I quickly switched off the TV – coming from Dad this was not an idle threat. He owned a crossbow – as well as a quarterstaff, a mace and all sorts of archaic weaponry. If it was old, he had it. Hell, he even made me practise sword fighting with him every week before he gave me my spending money.

This gives you an idea of what life was like with my father – the mad, one-handed, ancient languages professor Olson O’Neil. People said that he lived in the past, but it was worse than that – it was like he was from the past.
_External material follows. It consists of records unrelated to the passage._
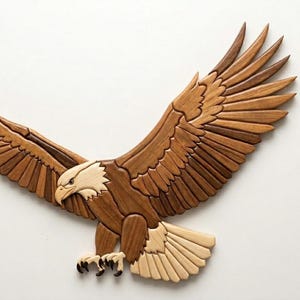 Puede incluir: Escultura de águila de madera con las alas extendidas, elaborada con varias tonalidades de madera marrón y beige. La cabeza y las plumas de la cola del águila son de color más claro, creando contraste. La escultura está montada sobre un fondo blanco.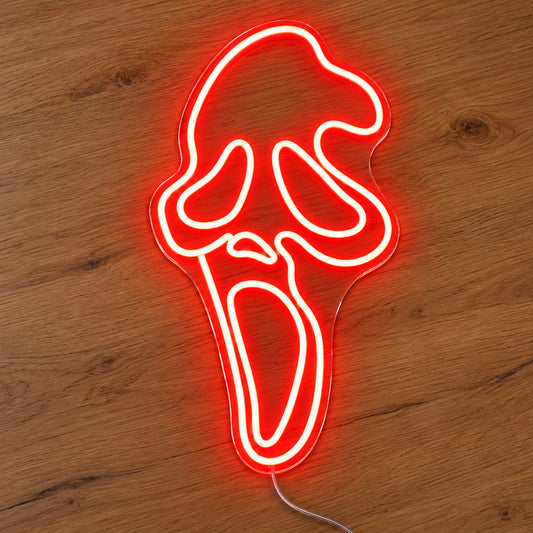 Red Ghostface Neon Sign featuring the Ghostface mask outlined in red, with elongated eyes and an open mouth, illuminated on clear acrylic lying on a natural oak wooden surface.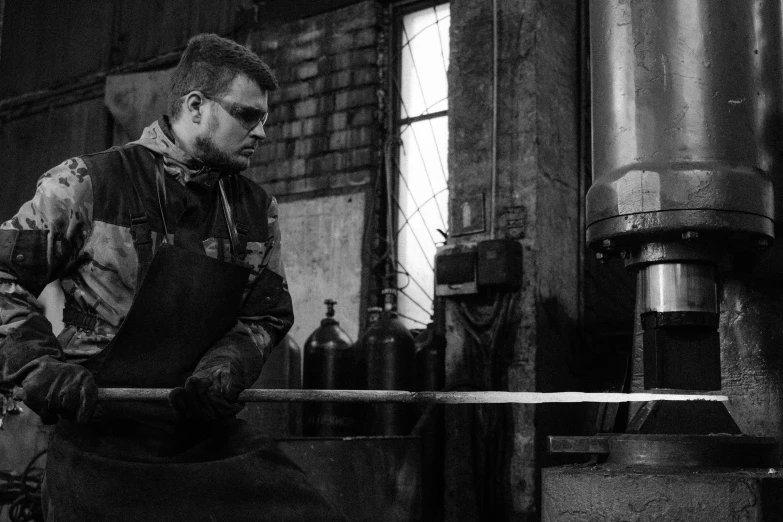 a black and white photo of a man working in a factory, a portrait, by Petr Brandl, pexels contest winner, made of polished broze, 15081959 21121991 01012000 4k, ukrainian, cast glass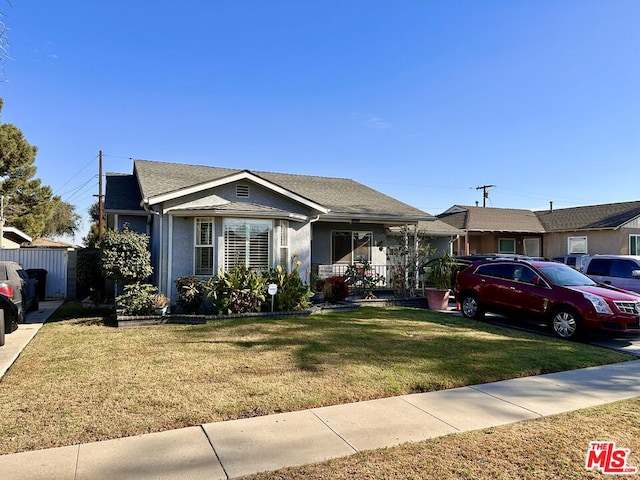 view of front of house with a front lawn and a porch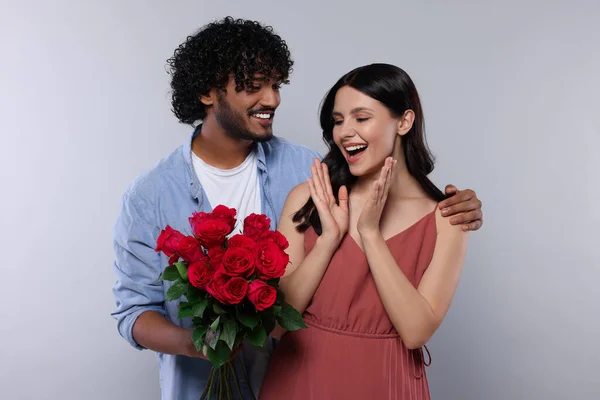 International dating. Handsome man presenting roses to his beloved woman on light grey background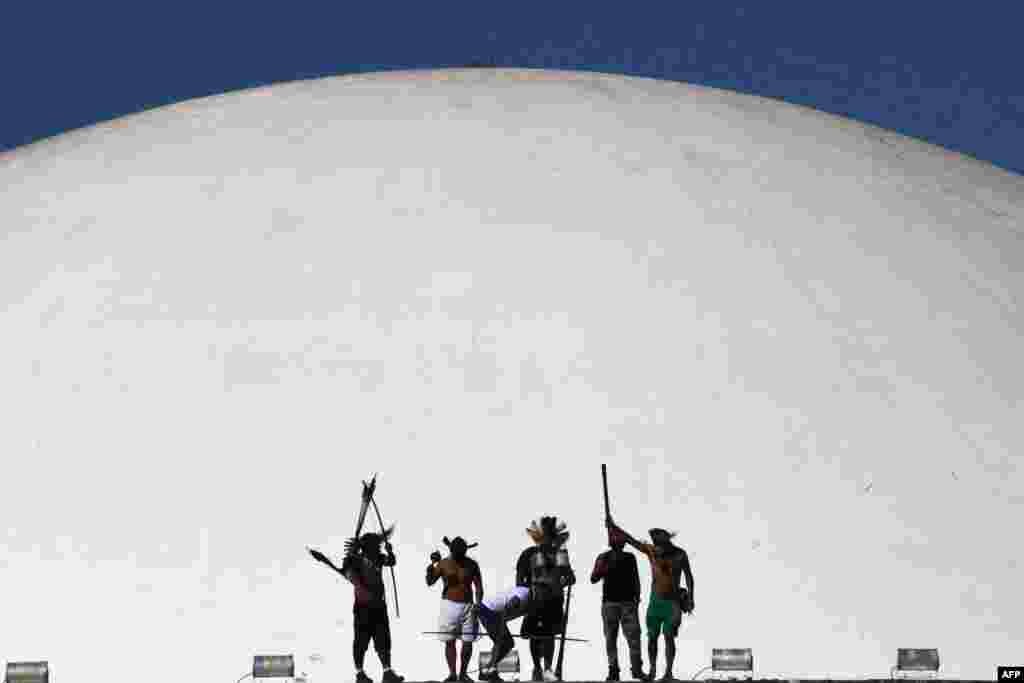 Brazilian Indigenous from different tribes protest against a bill that is being discussed in the Deputies Chamber that changes the rules of the indigenous territories demarcation, at the top of of the National Congress building in Brasilia, on June 8, 2021.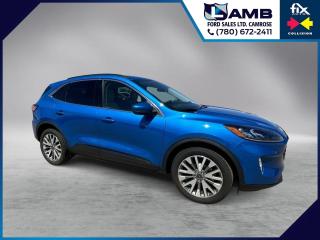 <p>THE PRICE YOU SEE, PLUS GST. GUARANTEED! PREVIOUS EXECUTIVE DRIVEN VEHICLE! APPLE CARPLAY/ANDROID AUTO.2.0 LITER ECOBOOST, 8 SPEED AUTO, HEATED STEERING WHEEL, ADAPTIVE CRUISE, SYNC 3, FORD PASS CONNECT, BLIS. The 2021 Ford Escape Titanium AWD with the 2.0L EcoBoost engine is a high-performance trim level that offers a great balance of power, capability, and luxury features. The 2.0L EcoBoost engine is a twin-scroll turbocharged engine that produces 250 horsepower and 280 lb.-ft. of torque.Its paired with an 8-speed automatic transmission, which helps to optimize power delivery and fuel efficiency. The AWD system in the Titanium trim is designed to provide improved traction and control on a variety of surfaces.The system uses sensors to monitor the vehicles speed, steering angle, and wheel slippage, and can adjust power distribution between the front and rear wheels as needed. The Titanium trim comes with premium leather-trimmed seats and features like a heated steering wheel and shift knob. Youll also get standard features like a dual-zone electronic automatic temperature control system, a premium audio system, and a navigation system. Do you want to know more about this vehicle, CALL, CLICK OR COME ON IN!*AMVIC Licensed Dealer; CarProof and Full Mechanical Inspection Included.</p>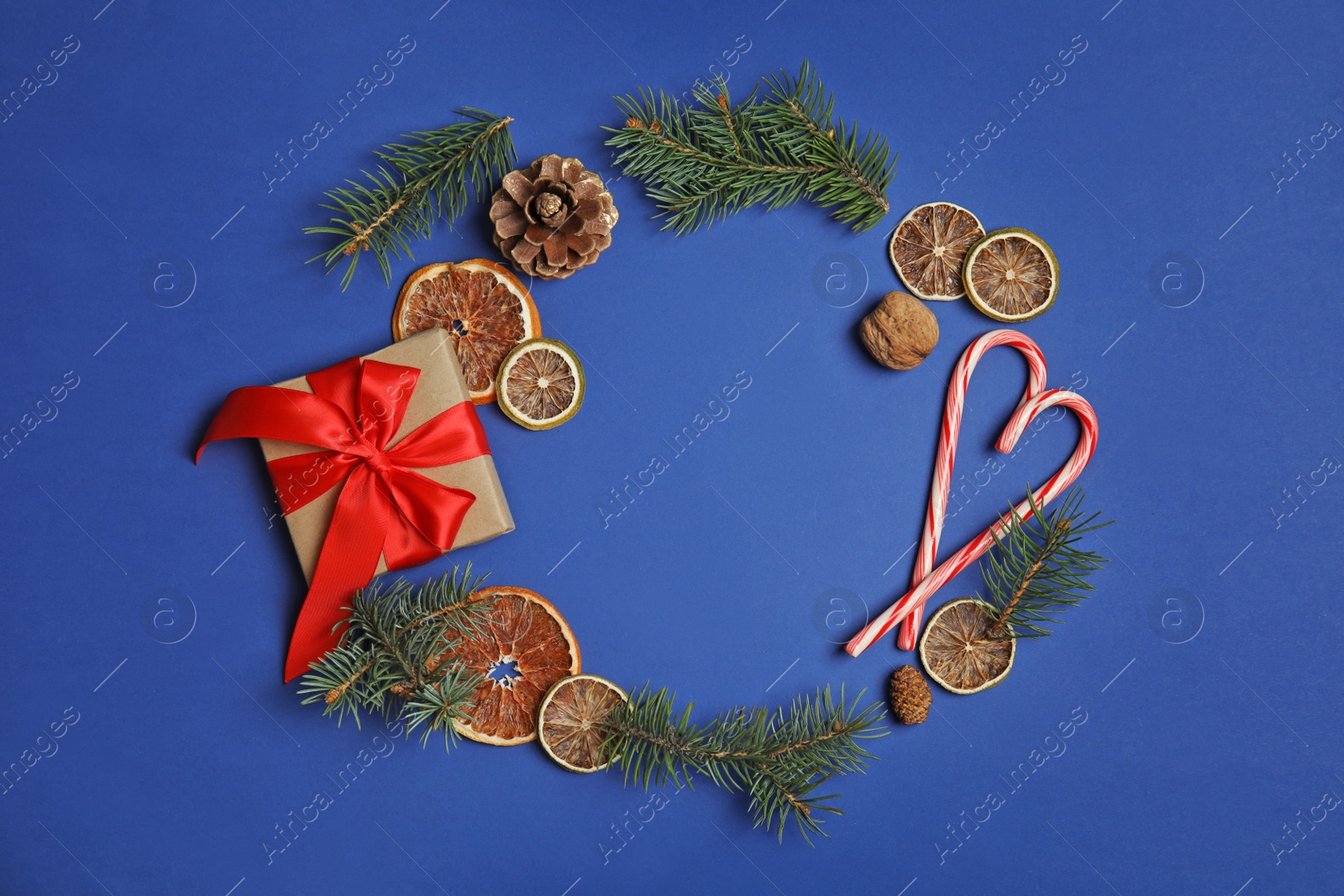 Photo of Flat lay composition with Christmas decor and space for text on color background. Festive winter design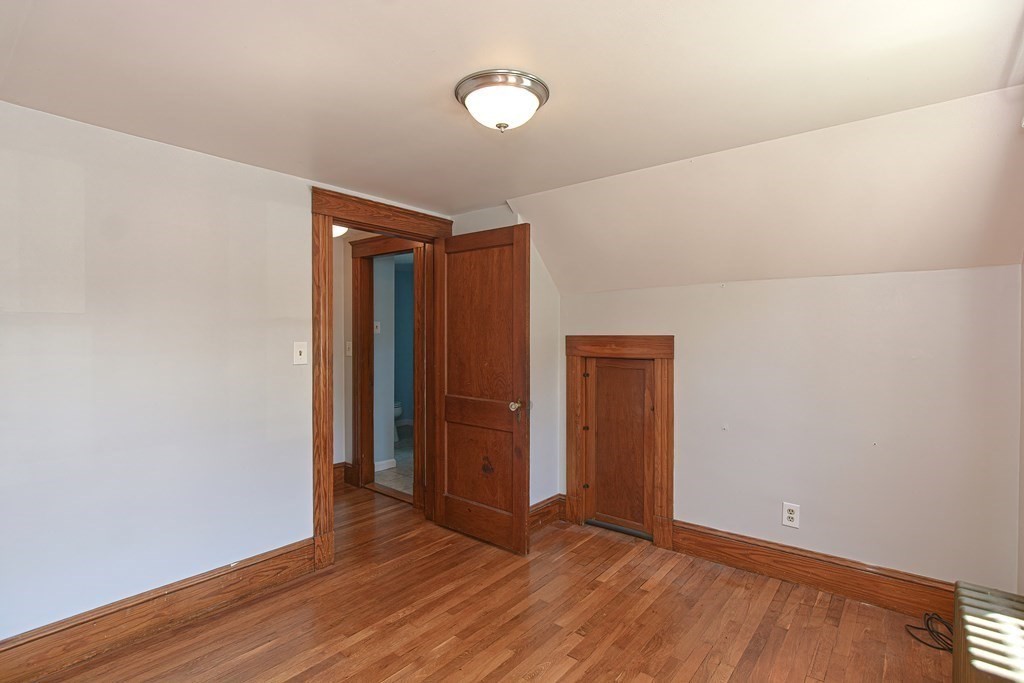 228 Pond Street Natick, MA 01760 - Photo 24 of 36 a view of an empty room with wooden floor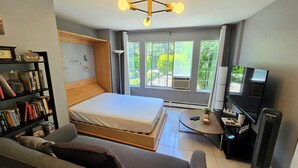 A modern hotel room with a bed, a sofa, a TV, a bookshelf, and large windows with a view of greenery. - Modern, clean & private 1BR suite. Up to 4 guests. (Surrey)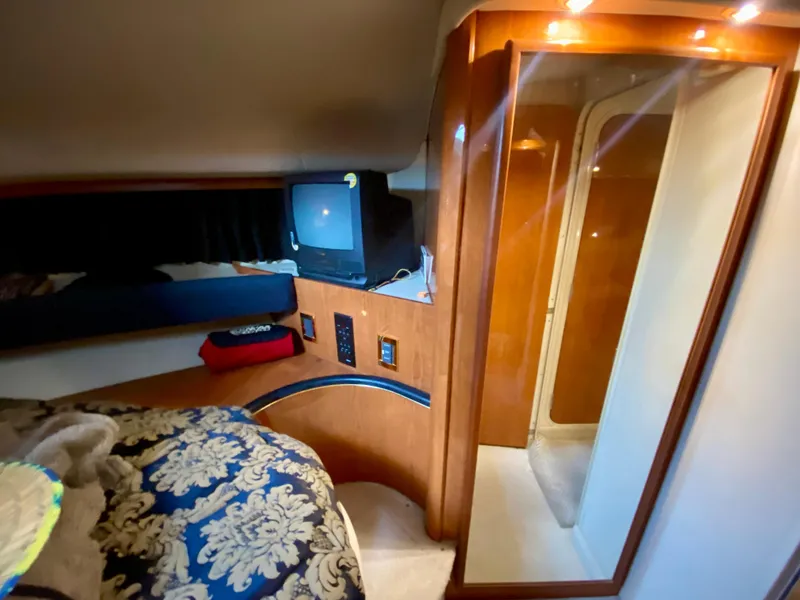 Slide: The Image of 1999 Sea Ray 400 Sundancer cabin interior with TV, bed, and wood paneling. - 22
It was cool when I was a kid, but now that I was older, I increasingly thought it was weird – sad, even.

That Dad embarrassed me from time to time wasn’t really the problem. Now that I was starting to get a few whiskers on my chin, what really got me down was that he seemed disappointed in me all of the time and I couldn’t figure out why. I was doing well at high school. In a week I would graduate, OK, not at the top of my class, but pretty up there. I had never really been in trouble. My girlfriend didn’t have pink hair and studs through her nose, or eyebrows, or even her bellybutton. Dad liked Sally. It seemed as if he wanted me to be something – but he wouldn’t, or couldn’t, tell me what.